Monday, October 22, 2007

Guitars vs. Women

Spotted this brilliant list on a random blog:

  • Guitars don’t get pregnant.
  • You can play your guitar any time of the month.
  • Guitars don’t have parents.
  • Guitars don’t whine… unless you want them to.
  • You can share your guitar with your friends.
  • Guitars don’t care how many other guitars you’ve played
  • Guitars don’t care how many other guitars you have.
  • Guitars don’t care if you look at other guitars.
  • Guitars don’t care if you buy guitar magazines.
  • You’ll never hear, “Surprise, you are going to proud father of a new guitar!” unless you go out to buy one yourself.
  • If your guitar is flat you can fix it.
  • Your guitar doesn’t care if you never listen to it.
  • Your guitar won’t care if you leave up the toilet seat.
  • You don’t have to be jealous of the guy who works on your guitar.

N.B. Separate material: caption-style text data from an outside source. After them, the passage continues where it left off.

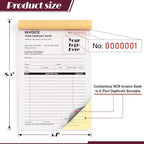 100 Sets Custom 5.7" X 8.5" Invoice Receipt Book, Personalized Duplicate Carbonless Form with Logo/Text, Paper 2-Part/3-Part in Bulk Purchase Orders, Sales Orders, Price Forms (3-Part)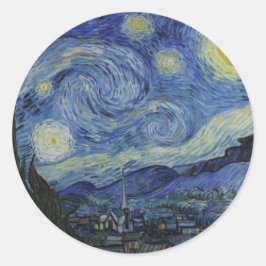 Adesivo Redondo Starry Night & Van Gogh /famosa arte de vintage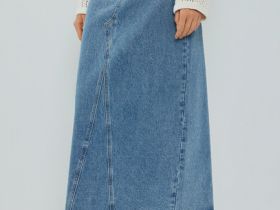Джинсовая юбка макси с эффектом деграде, Синий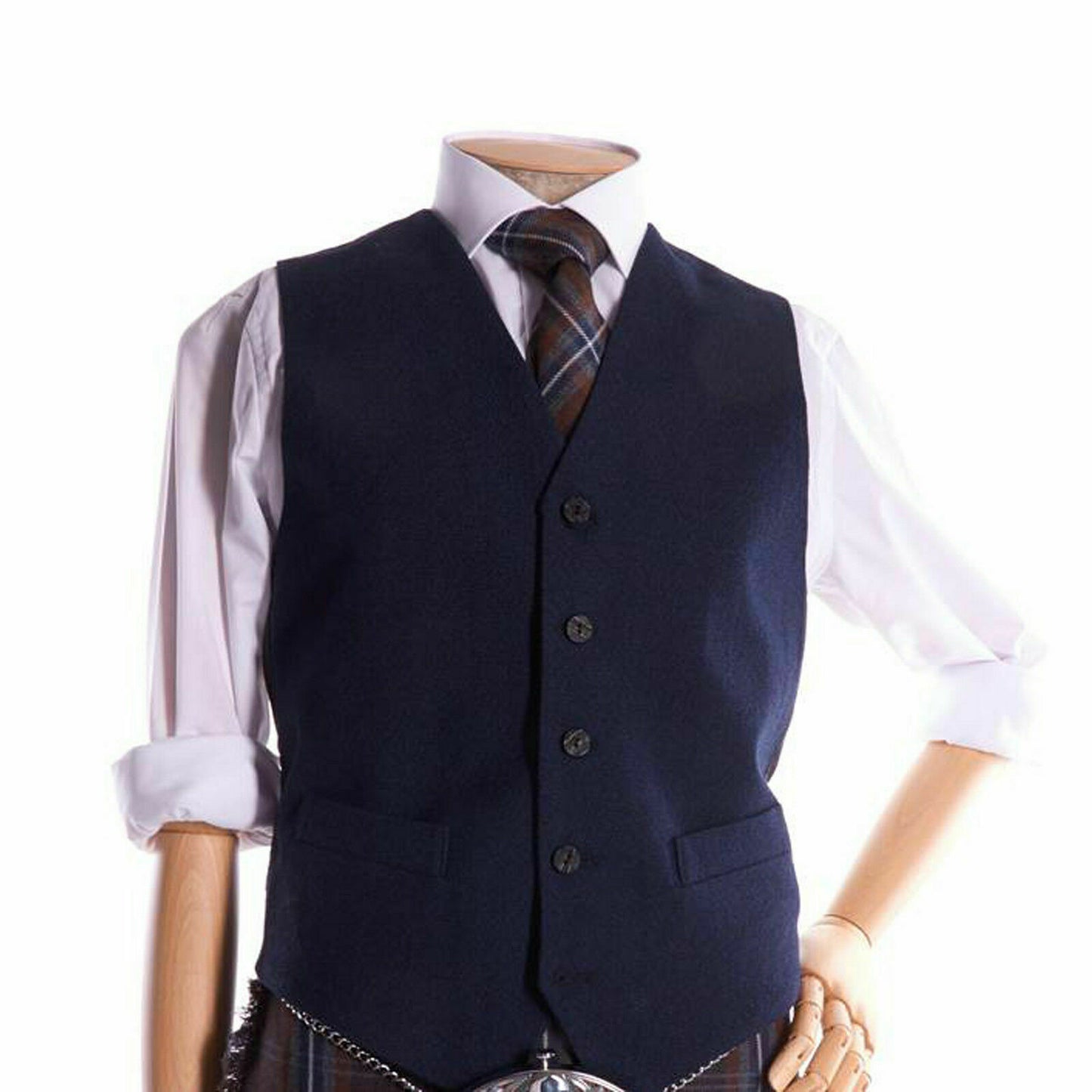 NAVY BLUE WOOL Argyle kilt Jacket & Waistcoat/Vest, Scottish Argyle Jacket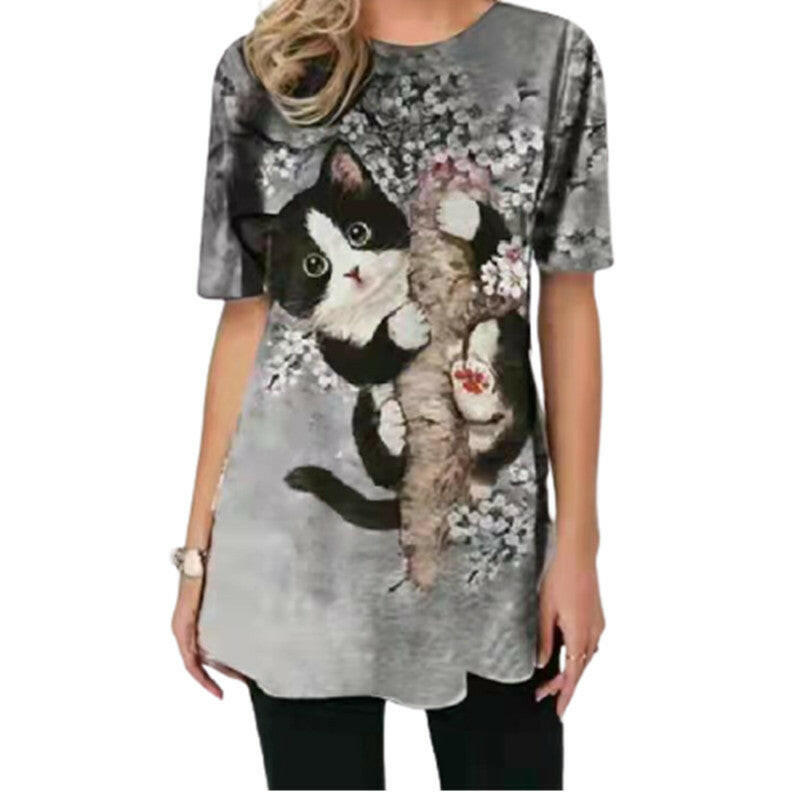 Cat Print Round Neck Long Sleeve Casual T-shirt.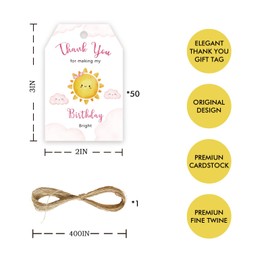 FORSHEEP 50pcs Sunshine Thank You Tags, Sun Gift Tag with String for Girl Birthday Party, Nice Weather Thank You Paper Tags for First Trip Around The Sun Birthday Party Favors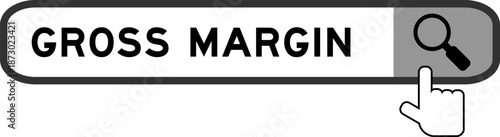 Search banner in word gross margin with hand over magnifier icon on white background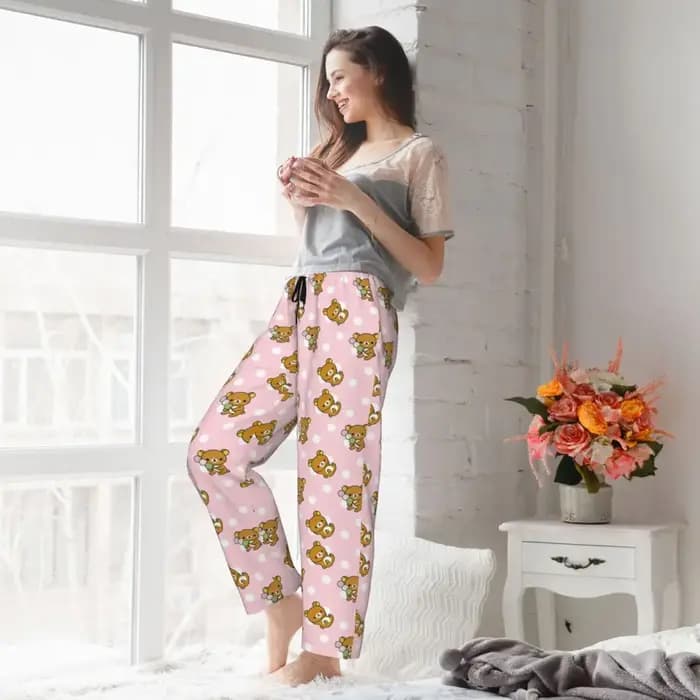 Pantalon de pyjama rose Rilakkumas pour femmes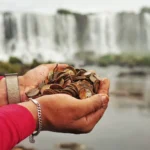 Trabalhadores retirando moedas e lixo do rio nas Cataratas do Iguaçu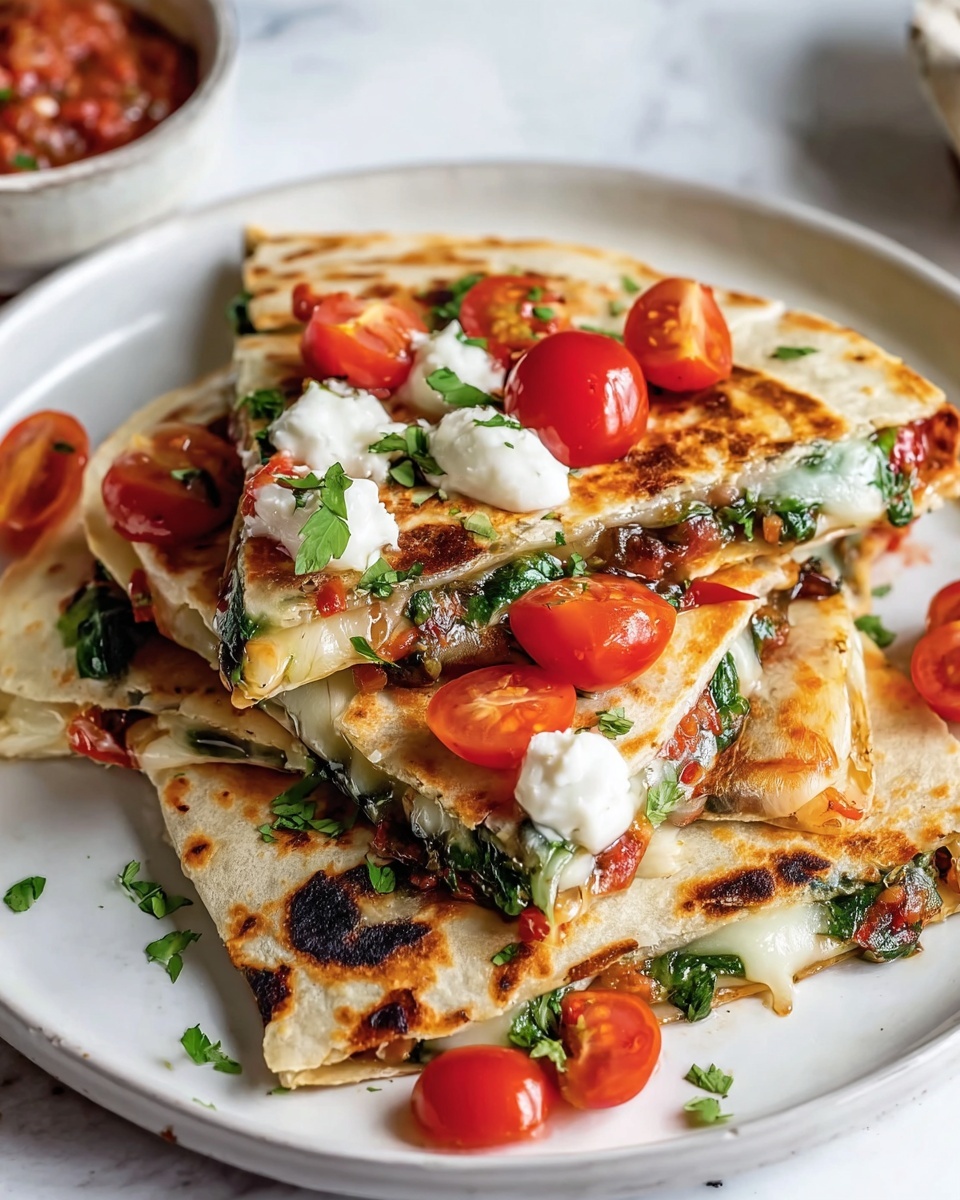 Mediterranean Quesadillas with Spinach, Feta, and Mozzarella Recipe - Recipe Image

  • If you say bad things to your guitar, you don’t have to apologize before you play it again.
  • You can play your guitar as long as you want and it won’t get sore.
  • You can stop playing your guitar as soon as you want and it won’t get frustrated.

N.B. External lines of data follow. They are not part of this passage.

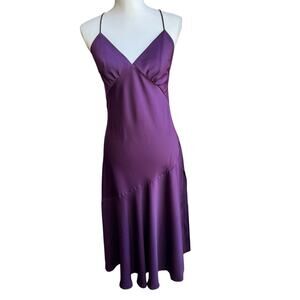 BANANA REPUBLIC Dress Womens 8 Purple Asymmetrical Seam Midi Slip NWT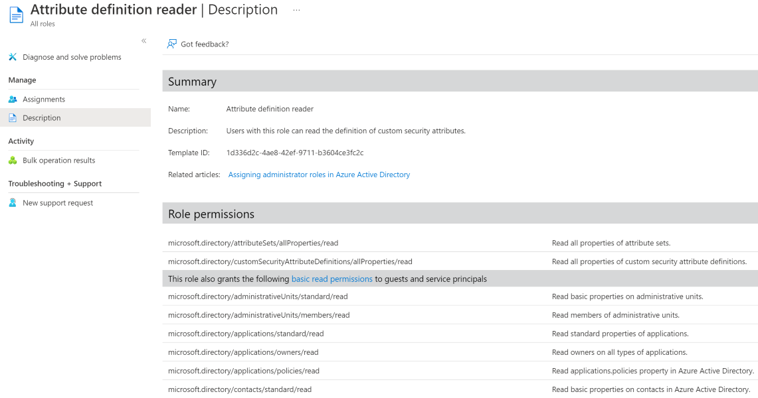 Screenshot of the Attribute definition reader.  You can see which permissions a built-in role grants.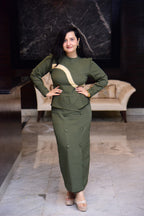 Olive Net Panel Slit Dress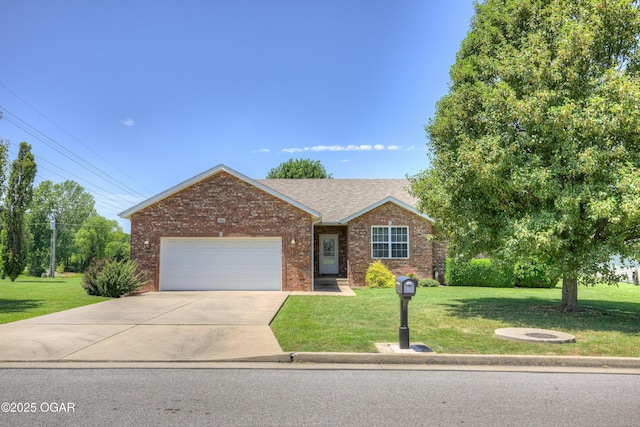3024 N Chandler Ave, Joplin, MO 64801 - ranch-style home with a garage, brick siding, a front lawn, driveway, and a shingled roof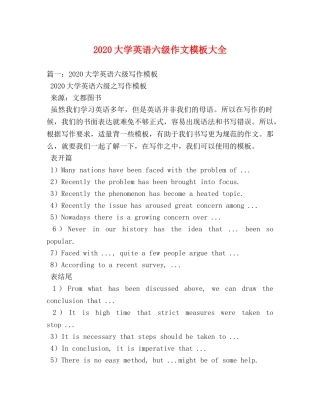 2024大学英语六级作文模板大全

  • Your parents won’t remain in touch with your old guitar after you dump it.
  • Guitars don’t get headaches.
  • Guitars don’t insult you if you’re a bad player.
  • Your guitar never wants a night out with the other guitars.

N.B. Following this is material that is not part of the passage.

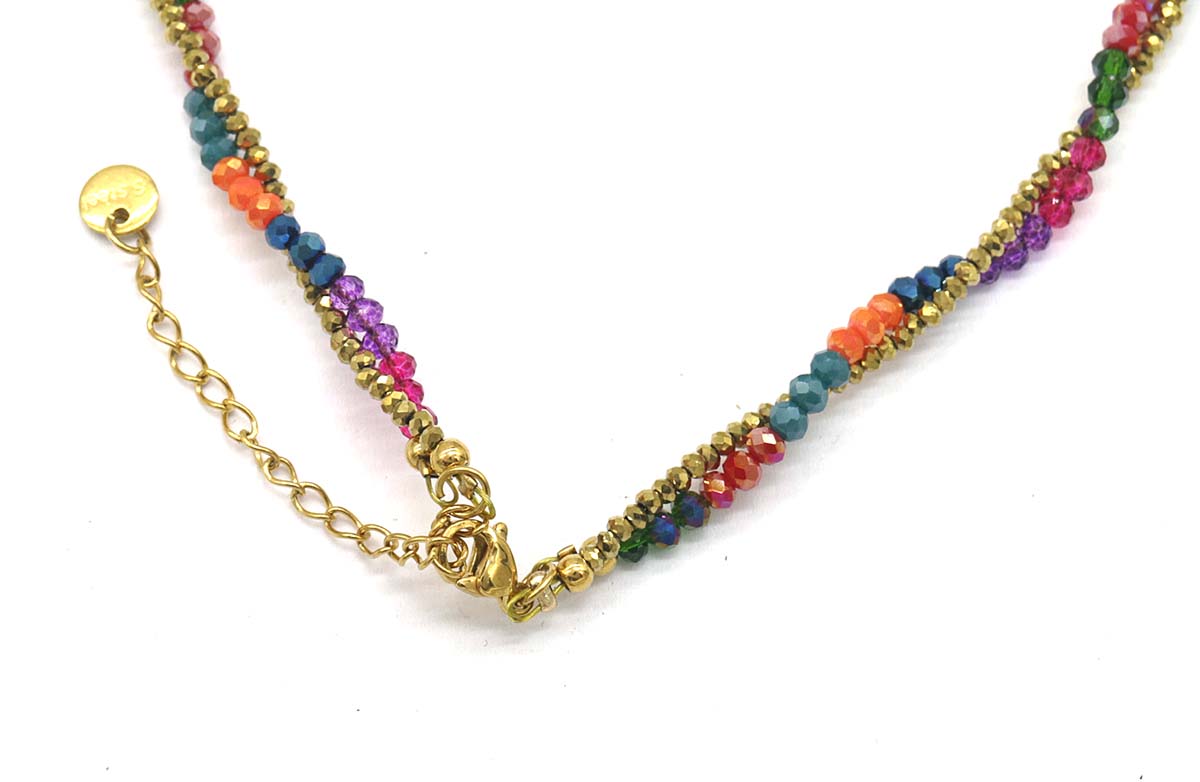 I-F19.3 N221-322 No.3 S. Steel Necklace Glassbeads  39-45cm Multicolor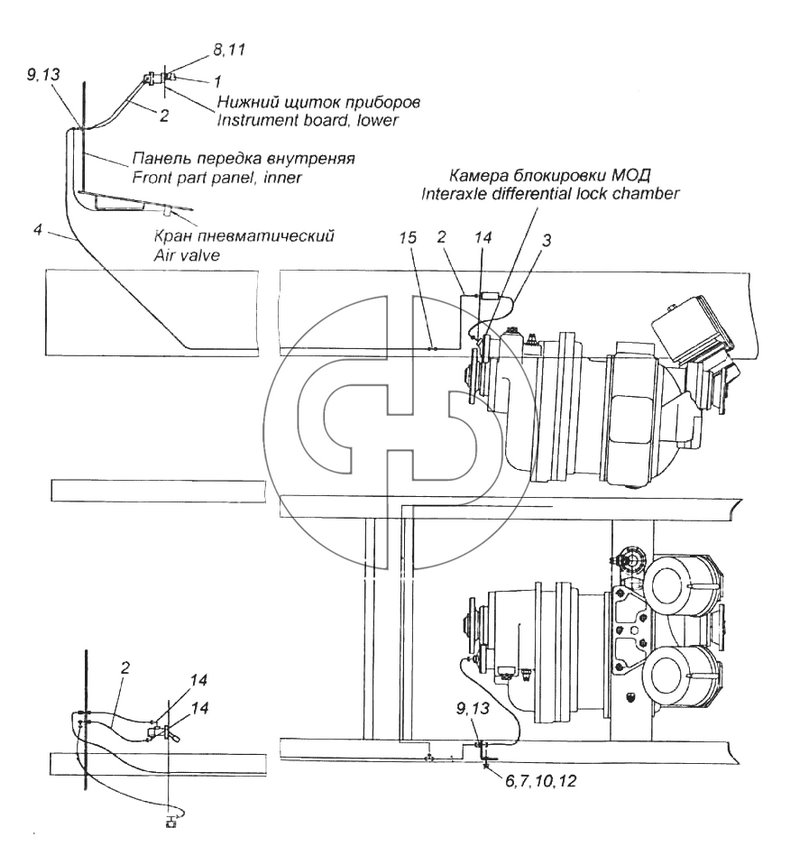 Привод блокировки межосевого дифференциала (№13 на схеме)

  • Guitars don’t care if you’re late.
  • You don’t have to take a shower before you play your guitar.
  • If your guitar doesn’t look good you can refinish it or get new parts.
  • You can play your guitar the first time you meet it, without having to take it to dinner, see a movie, or meet its mother.
  • The only protection you have to wear when playing your guitar is a decent thumb pick.
  • When in mixed company, you can talk about what a great time you had the last time you played your guitar.